__Required work__: From the line containing "Gold satin buttoned bed frame" to the line containing "Natural Emerald Pendant, Engagement" in the records below, set down every line exactly as it stands, both ends included, and skip the pictures.
%%
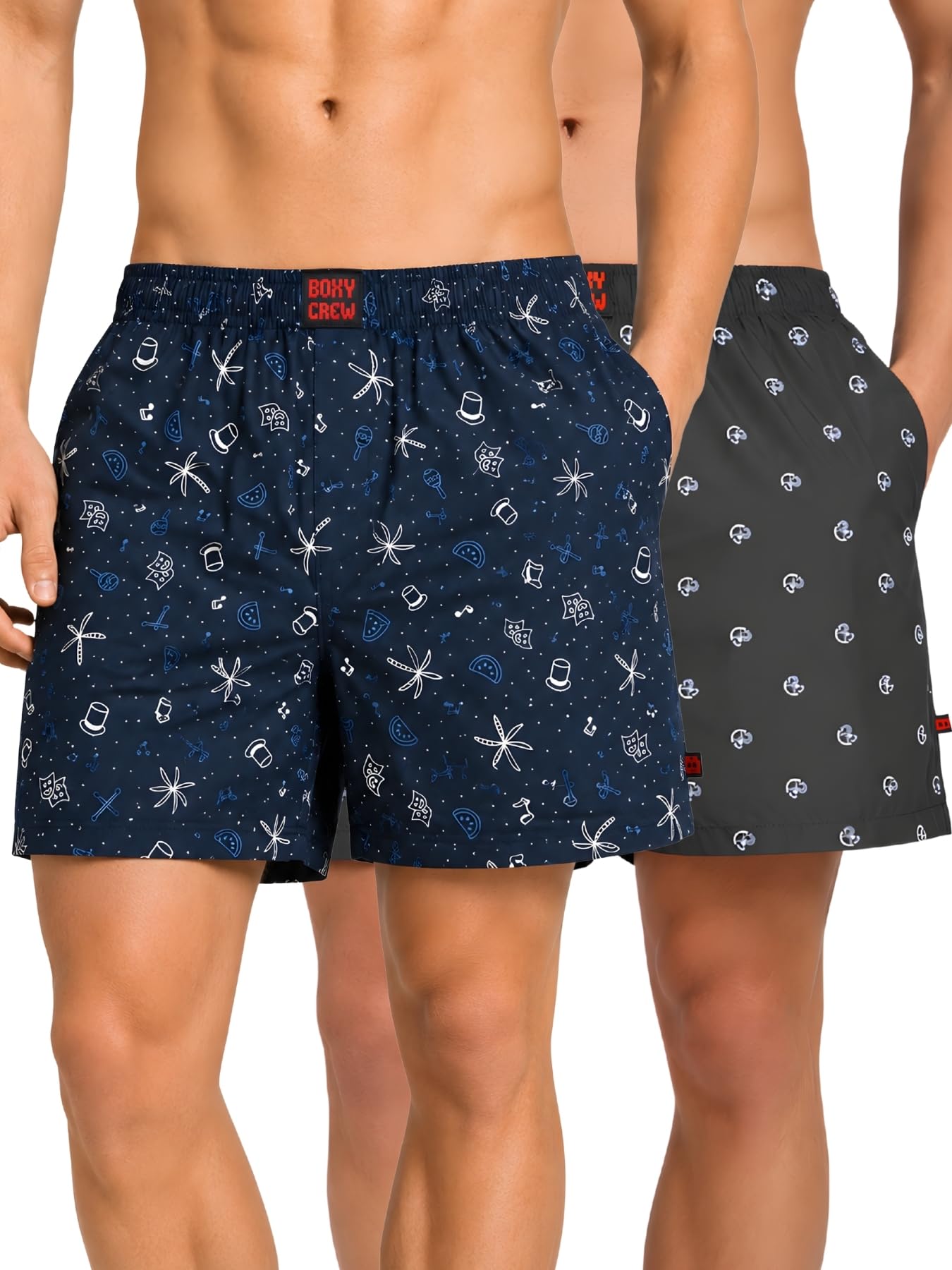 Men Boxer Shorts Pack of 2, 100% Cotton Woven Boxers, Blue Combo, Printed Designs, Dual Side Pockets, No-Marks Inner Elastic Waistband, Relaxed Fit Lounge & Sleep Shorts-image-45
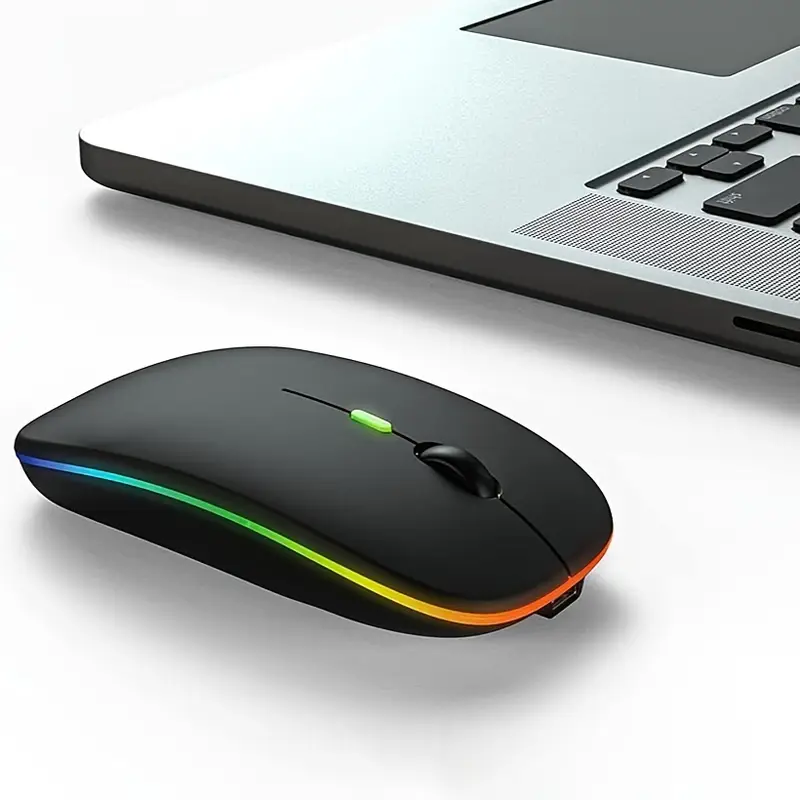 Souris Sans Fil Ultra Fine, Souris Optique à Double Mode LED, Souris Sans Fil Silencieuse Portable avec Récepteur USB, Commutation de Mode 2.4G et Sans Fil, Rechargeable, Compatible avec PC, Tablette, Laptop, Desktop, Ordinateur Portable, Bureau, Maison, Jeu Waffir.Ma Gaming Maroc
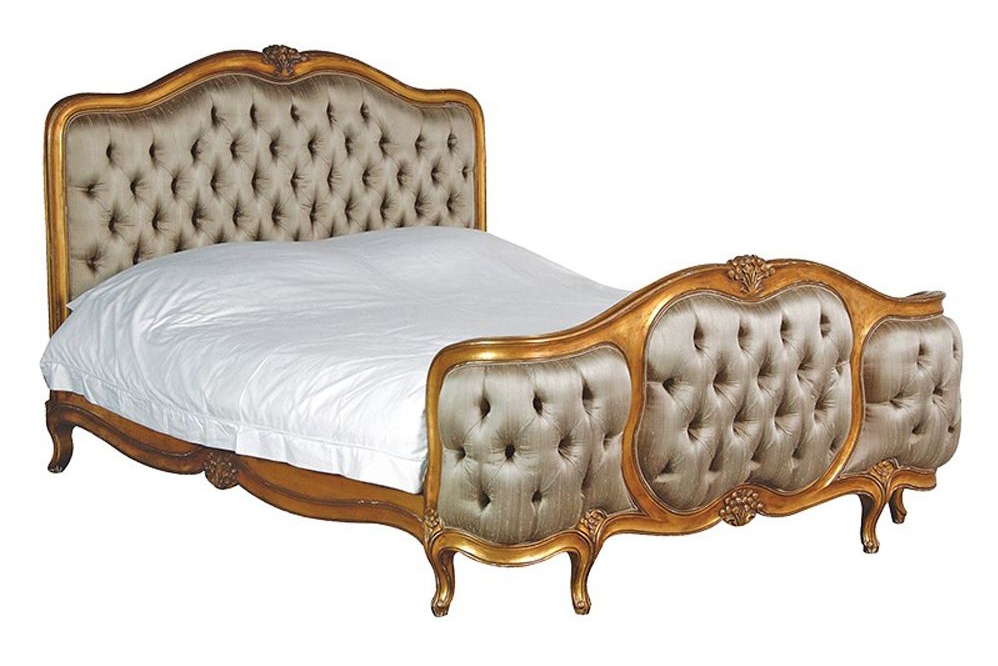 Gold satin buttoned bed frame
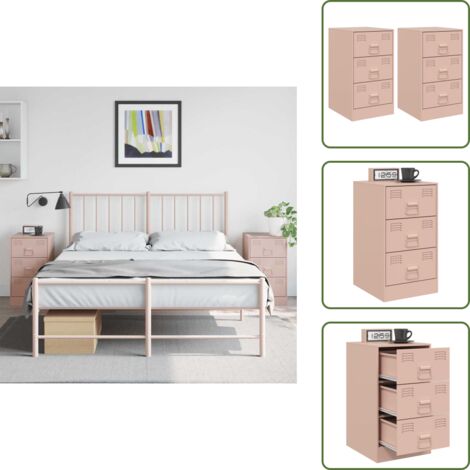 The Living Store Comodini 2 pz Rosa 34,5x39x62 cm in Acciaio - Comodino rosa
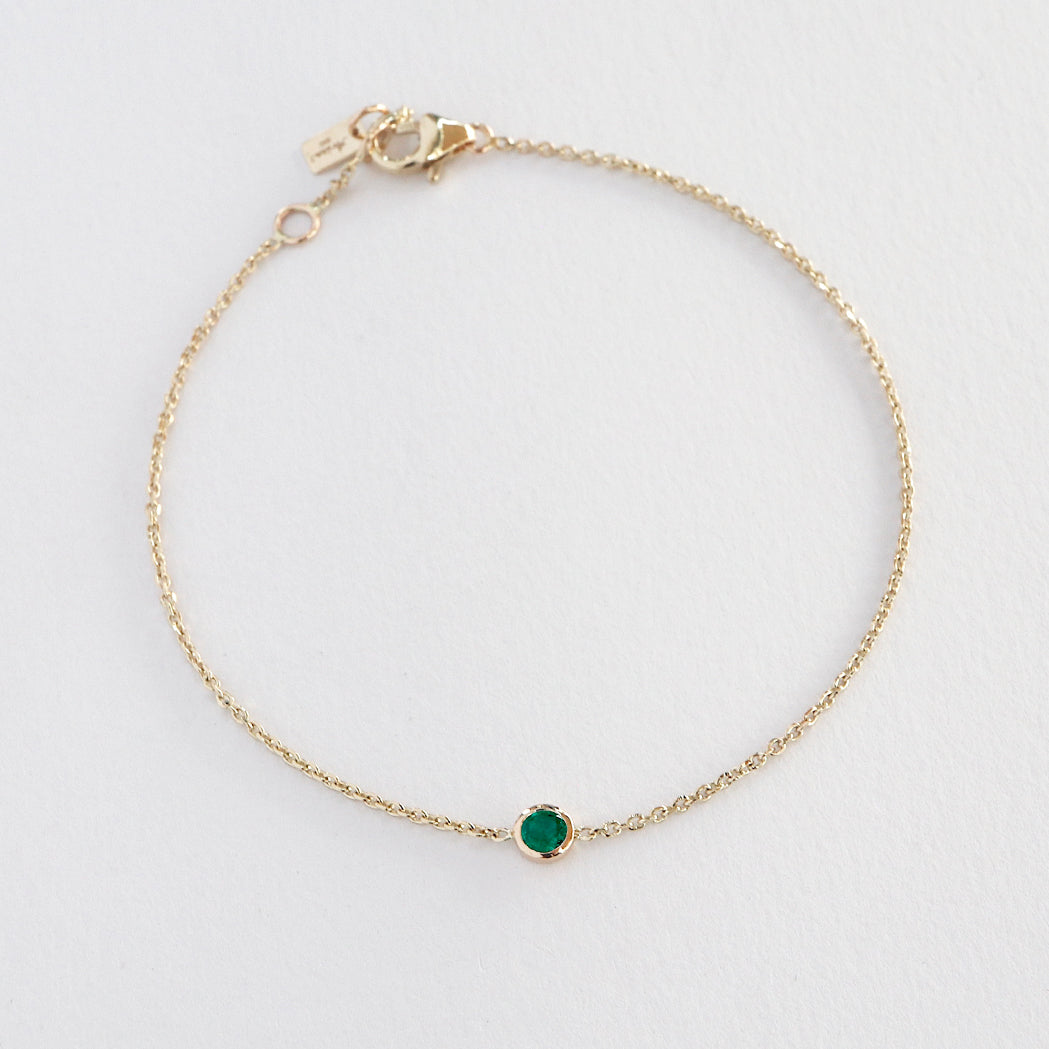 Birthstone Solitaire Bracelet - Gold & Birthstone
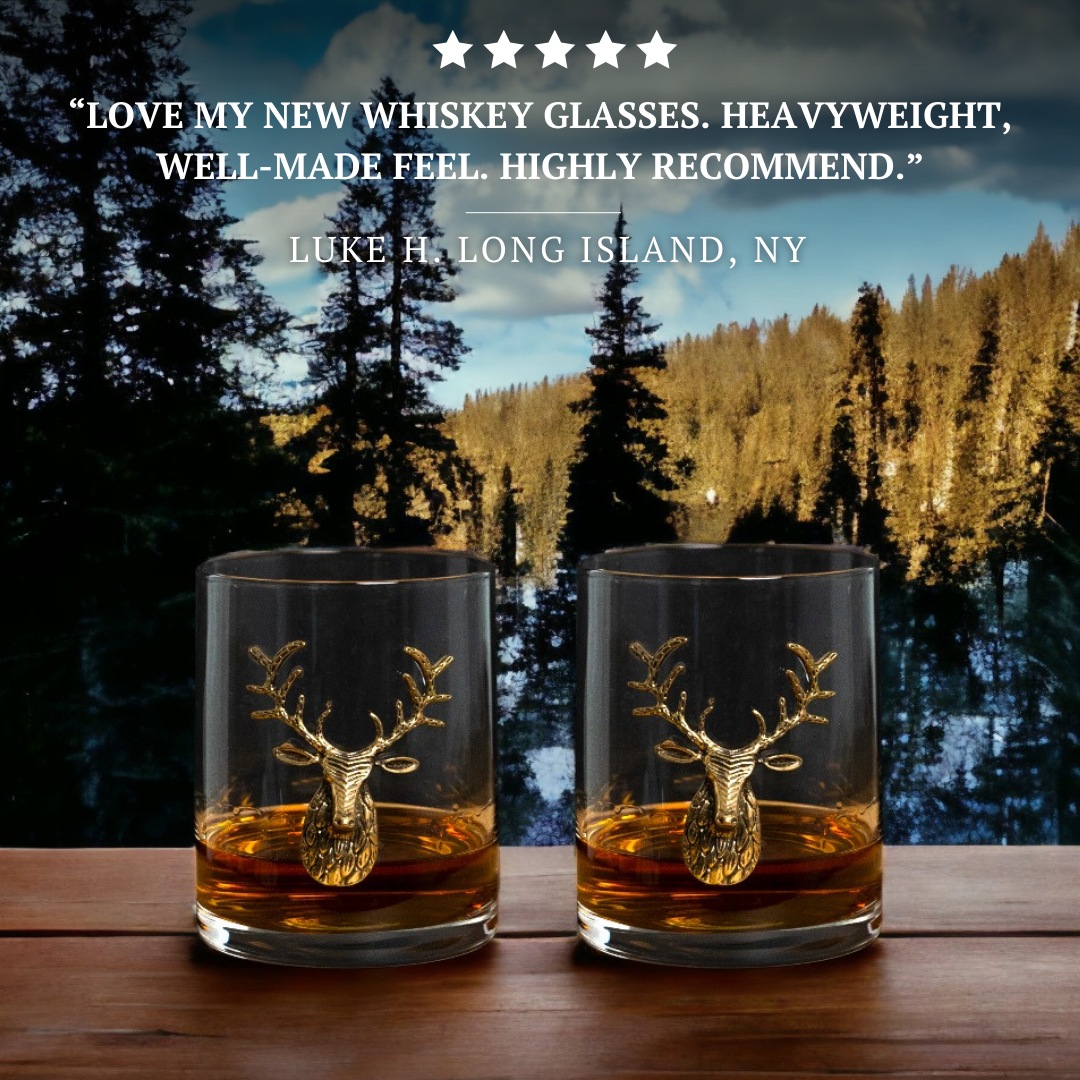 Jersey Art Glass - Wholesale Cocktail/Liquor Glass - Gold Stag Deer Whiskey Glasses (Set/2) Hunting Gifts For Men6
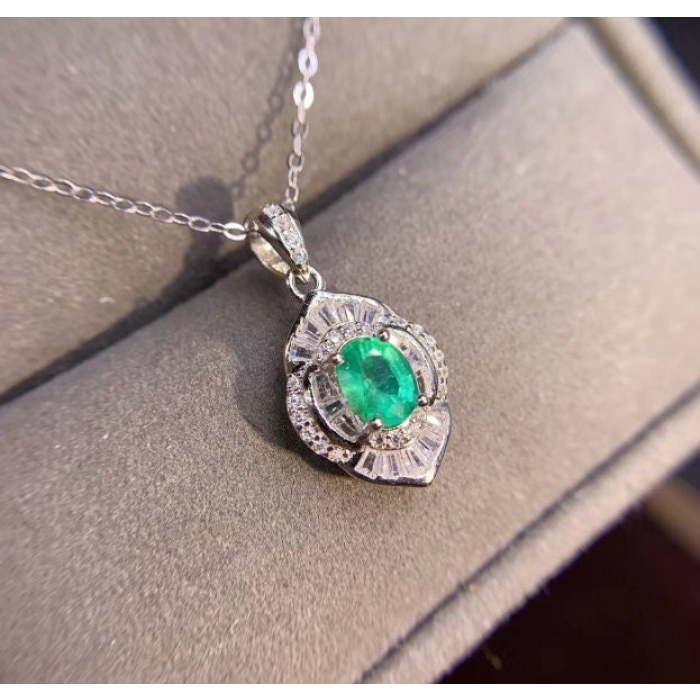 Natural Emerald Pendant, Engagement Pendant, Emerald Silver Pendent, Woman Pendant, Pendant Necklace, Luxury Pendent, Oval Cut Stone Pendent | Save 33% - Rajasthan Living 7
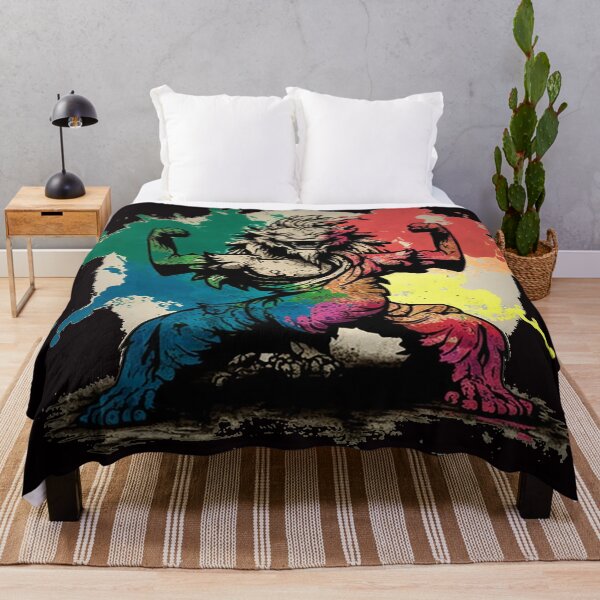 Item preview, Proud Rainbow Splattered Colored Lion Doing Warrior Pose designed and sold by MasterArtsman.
%%
__Written reply__:
 Gold satin buttoned bed frame
 The Living Store Comodini 2 pz Rosa 34,5x39x62 cm in Acciaio - Comodino rosa
 Birthstone Solitaire Bracelet - Gold & Birthstone
 Jersey Art Glass - Wholesale Cocktail/Liquor Glass - Gold Stag Deer Whiskey Glasses (Set/2) Hunting Gifts For Men6
 Natural Emerald Pendant, Engagement Pendant, Emerald Silver Pendent, Woman Pendant, Pendant Necklace, Luxury Pendent, Oval Cut Stone Pendent | Save 33% - Rajasthan Living 7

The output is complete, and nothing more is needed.